- **Given information**:
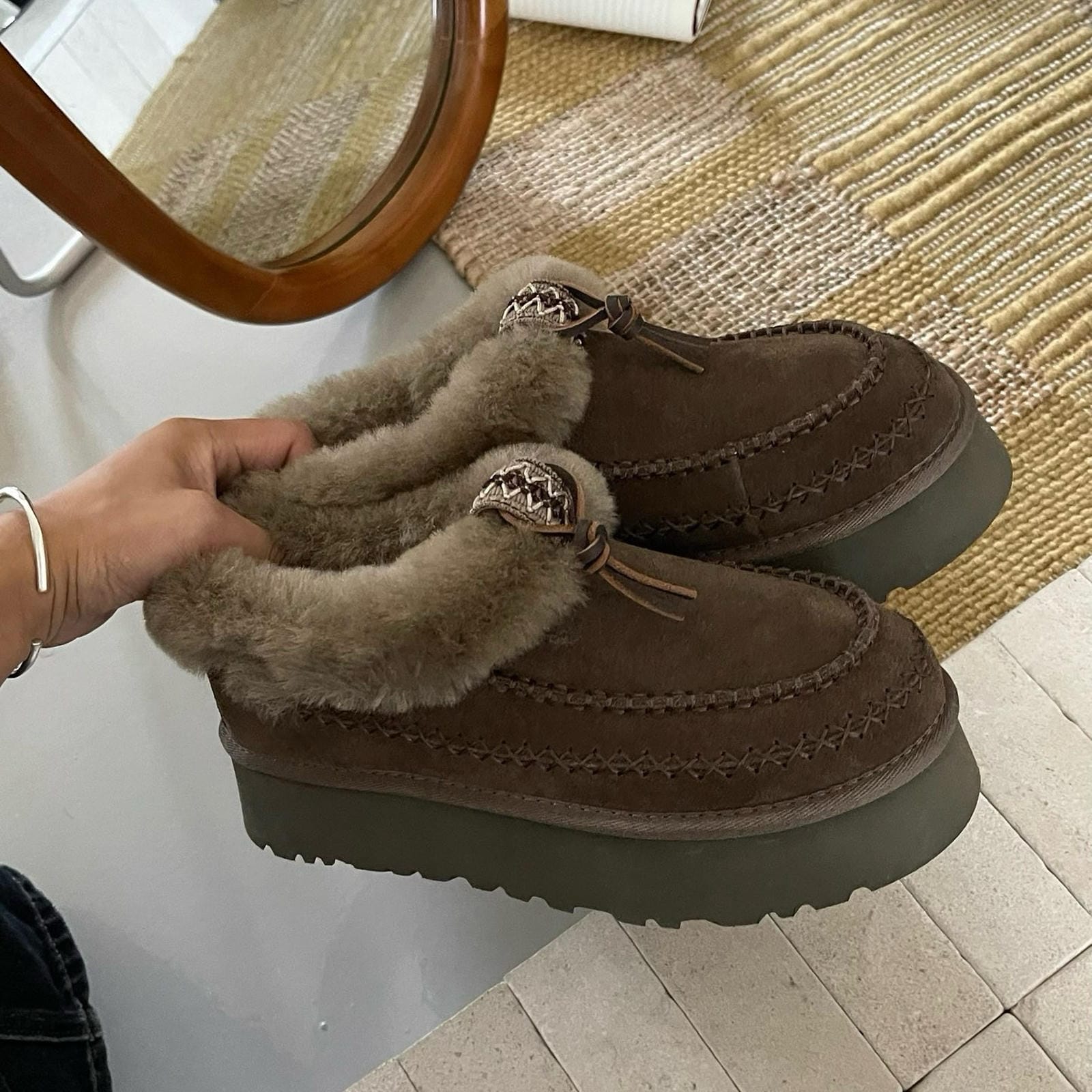 Water-Resistant Suede Platform Snow Boots Cozy Sheepskin Lined Winter Ankle Boot Thick Sole Winter Boots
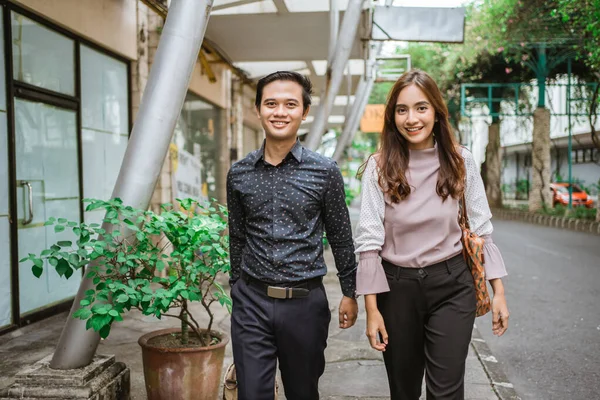 Pebisnis pria dan wanita berjalan di trotoar tersenyum pergi ke kantor — Stok Foto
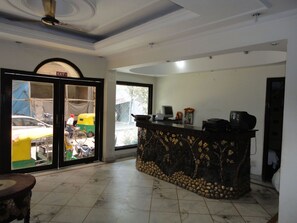 Check-in/check-out kiosk - Astoria (New Delhi)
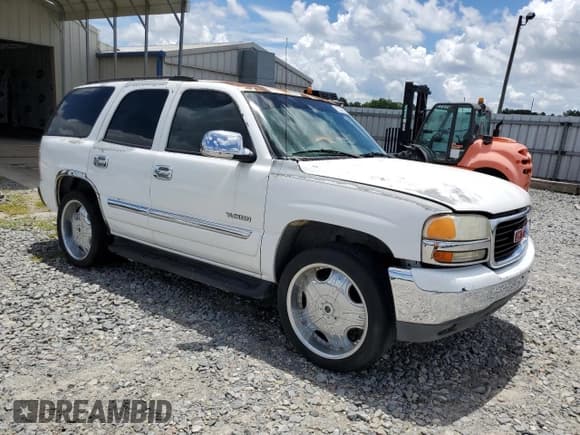 ✅ 2004 GMC Yukon SLE • VIN: 1GKEC13Z04J153396 • Lot: 64845454. Listed on Copart with 245,913 mi. Free auction sales archive from the USA and detailed vehicle history report at DreamBid. Image 4.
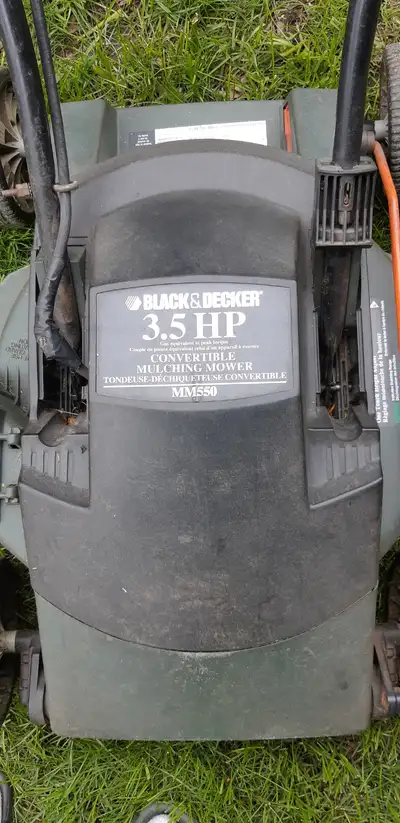 Lawn Mower, Black & Decker, Model # MM550, Convertible Mulcher, Electric 18 inches, Instruction Manu...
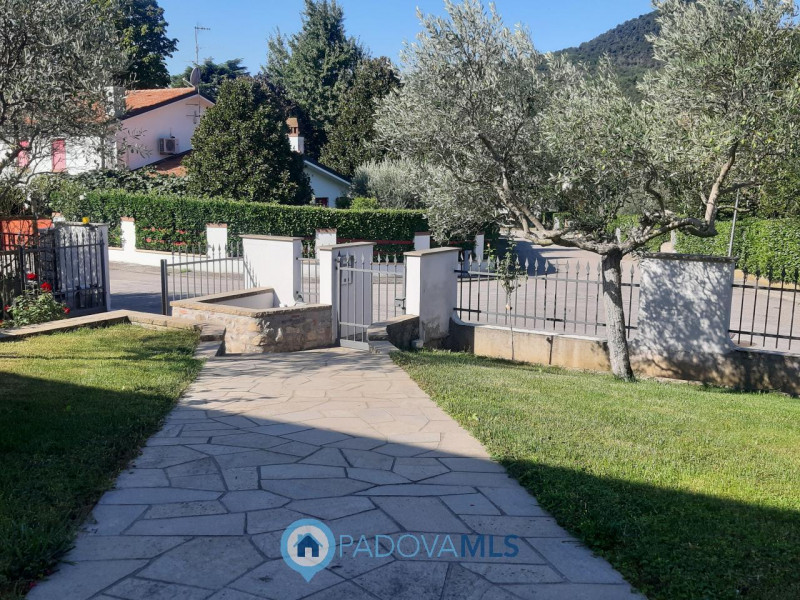 BAONE VENDESI VILLA SINGOLA CON GIARDINO

Immobile in esclusiva al Gruppo Padova MLS

Nel suggest...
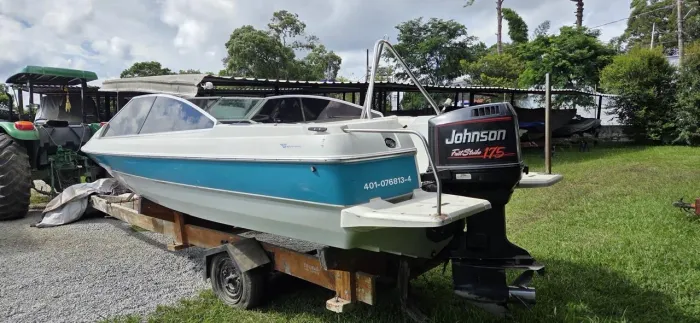 Lancha Ventura 1995 - Motor Johnson 175 HP V6 2 Tempos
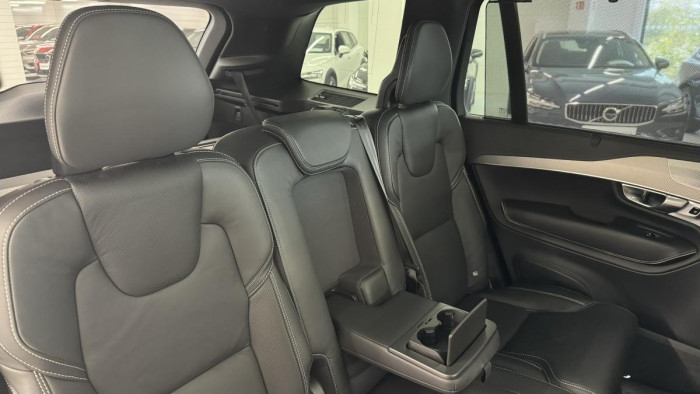 Volvo XC90 B5 AWD ULTIMATE DARK REZERVACE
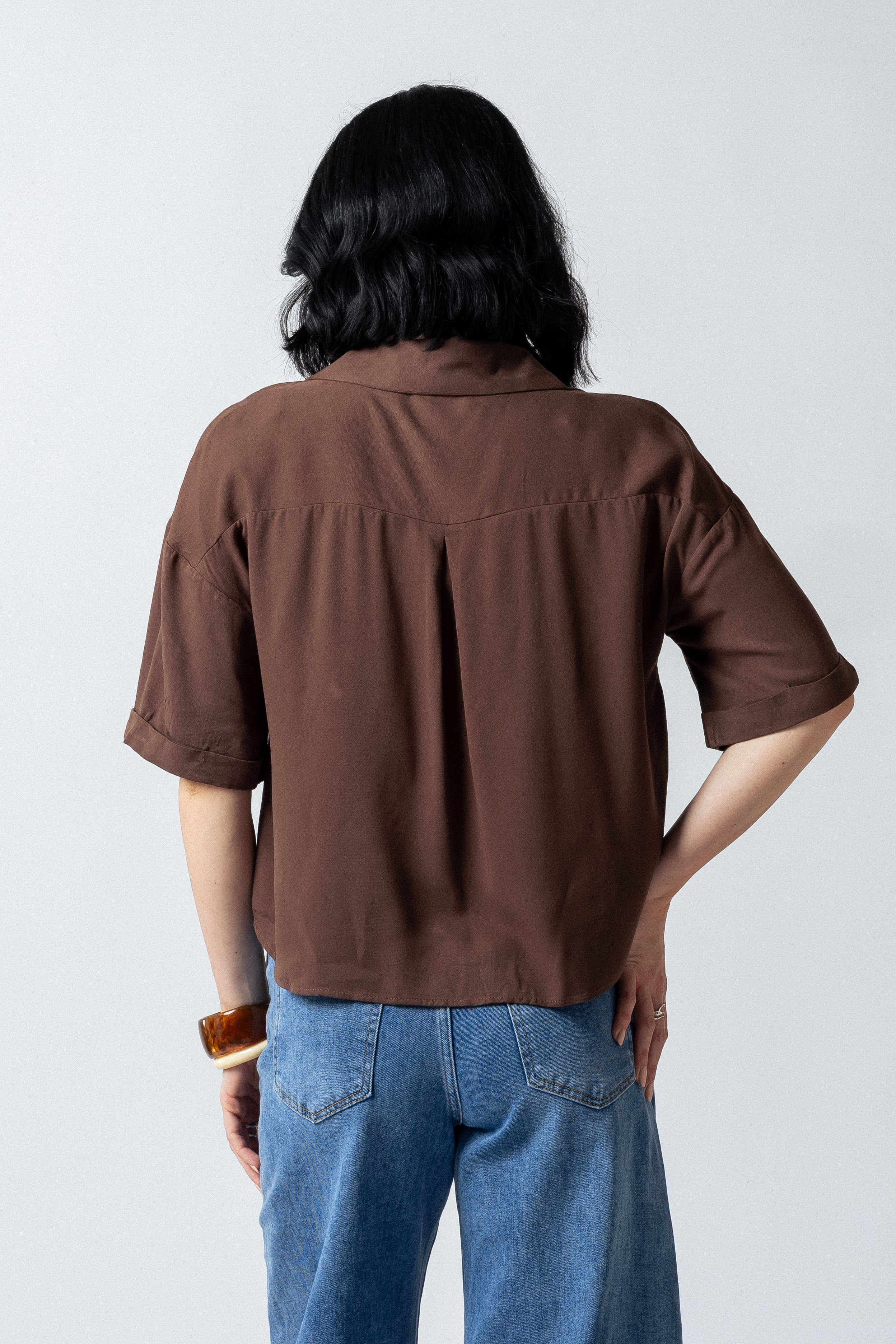 Camicia over crop con tasche|Colore:Tabacco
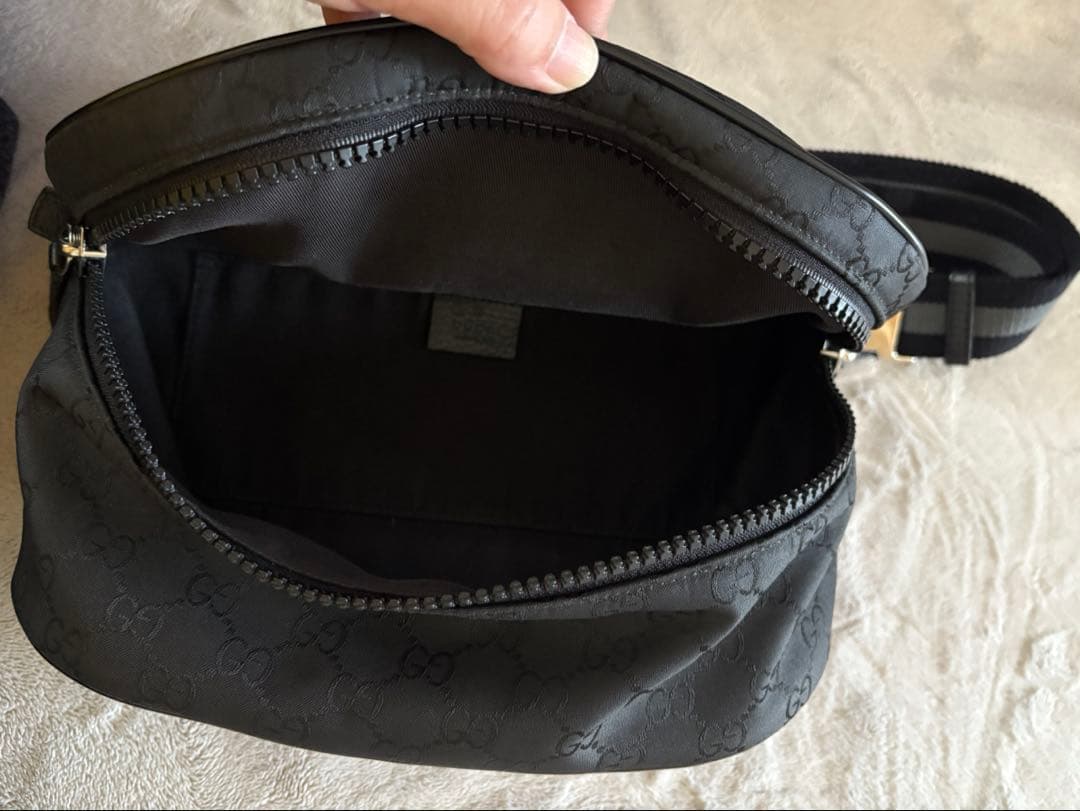 GUCCI ブラック ボディバッグ ウエストバッグ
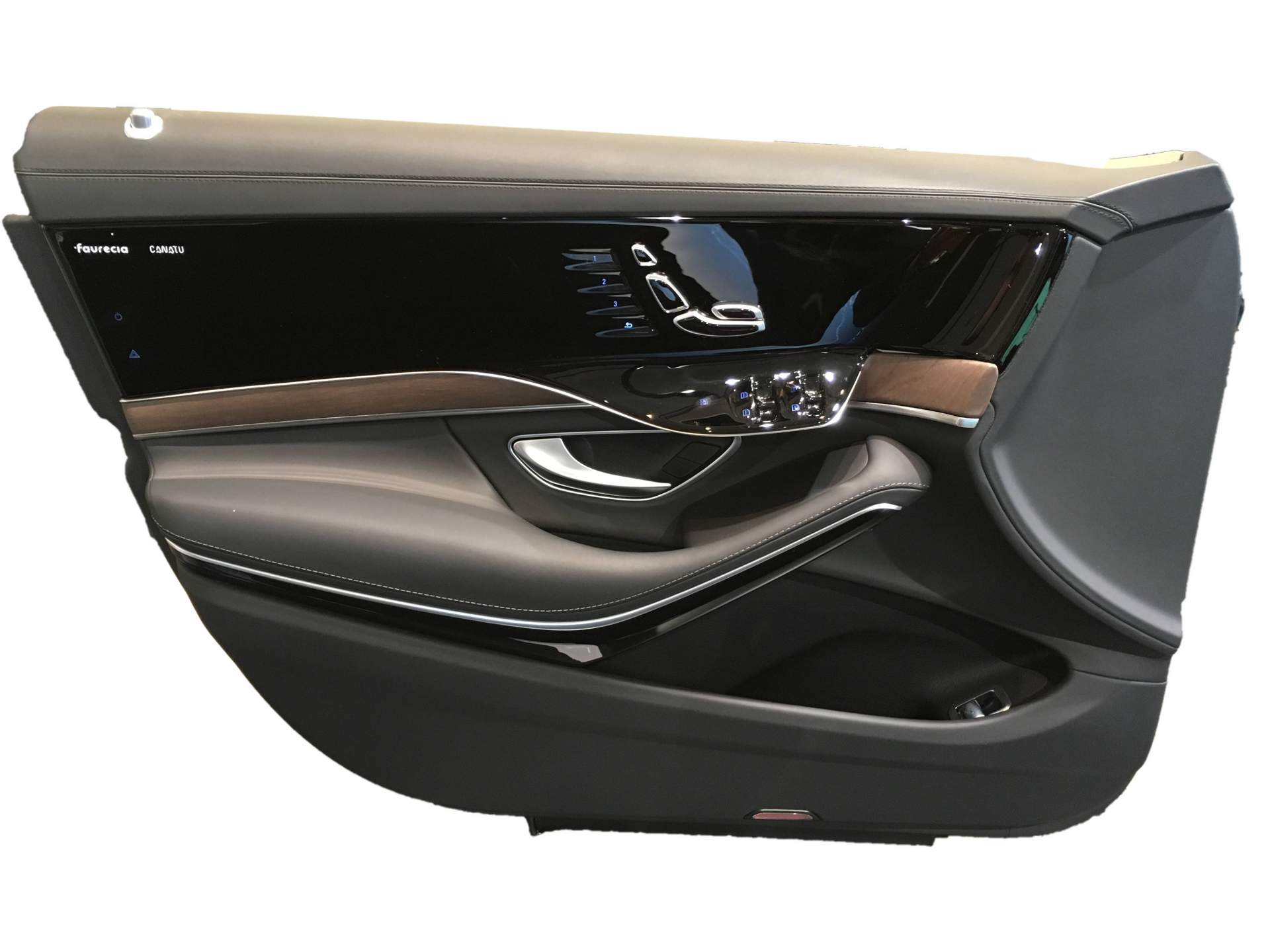 Canatu-and-Faurecia-concept-door-for-Daimler-1 The 3D Touch Surface Display Is Coming Soon To A Car Near You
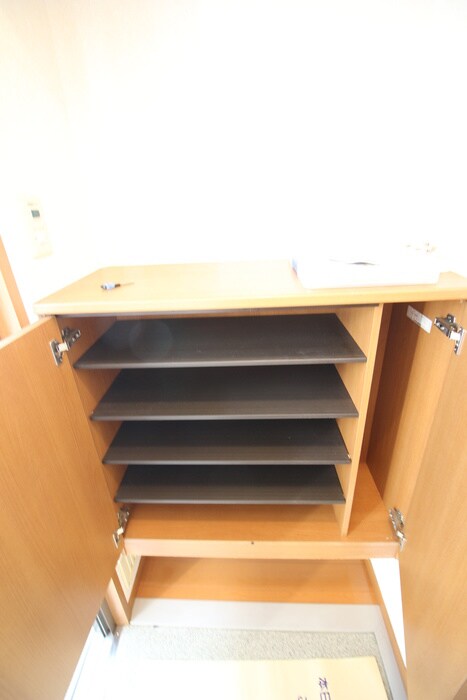 物件内観写真16　(靴箱)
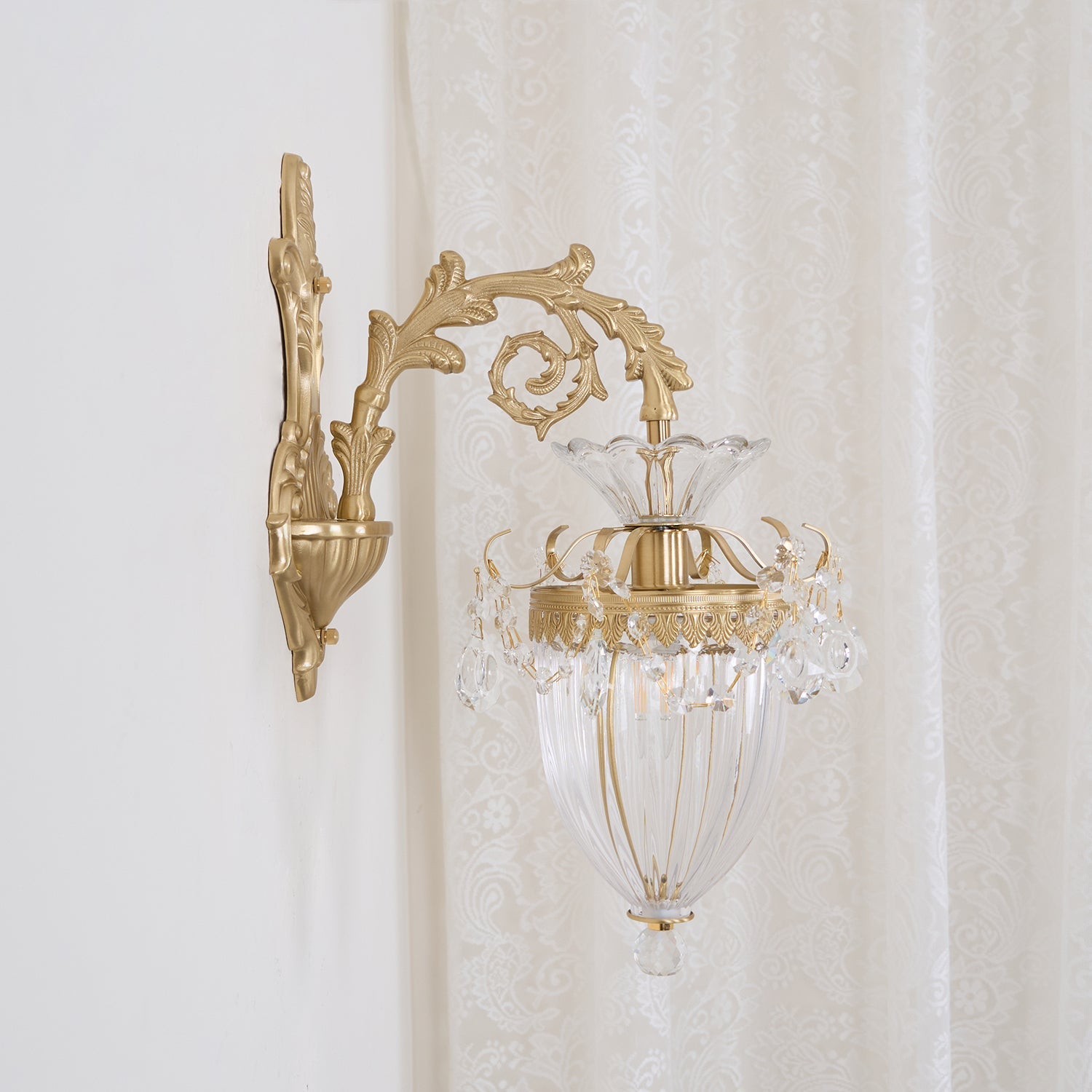 Mesas Crystal Wall Lamp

- **Task**: After dropping the pictures, reproduce exactly the lines from the first line of the entries through the line containing "Check-in/check-out kiosk - Astoria", both included.

- **Response area**:
 Water-Resistant Suede Platform Snow Boots Cozy Sheepskin Lined Winter Ankle Boot Thick Sole Winter Boots
 Pebisnis pria dan wanita berjalan di trotoar tersenyum pergi ke kantor — Stok Foto
 Check-in/check-out kiosk - Astoria (New Delhi)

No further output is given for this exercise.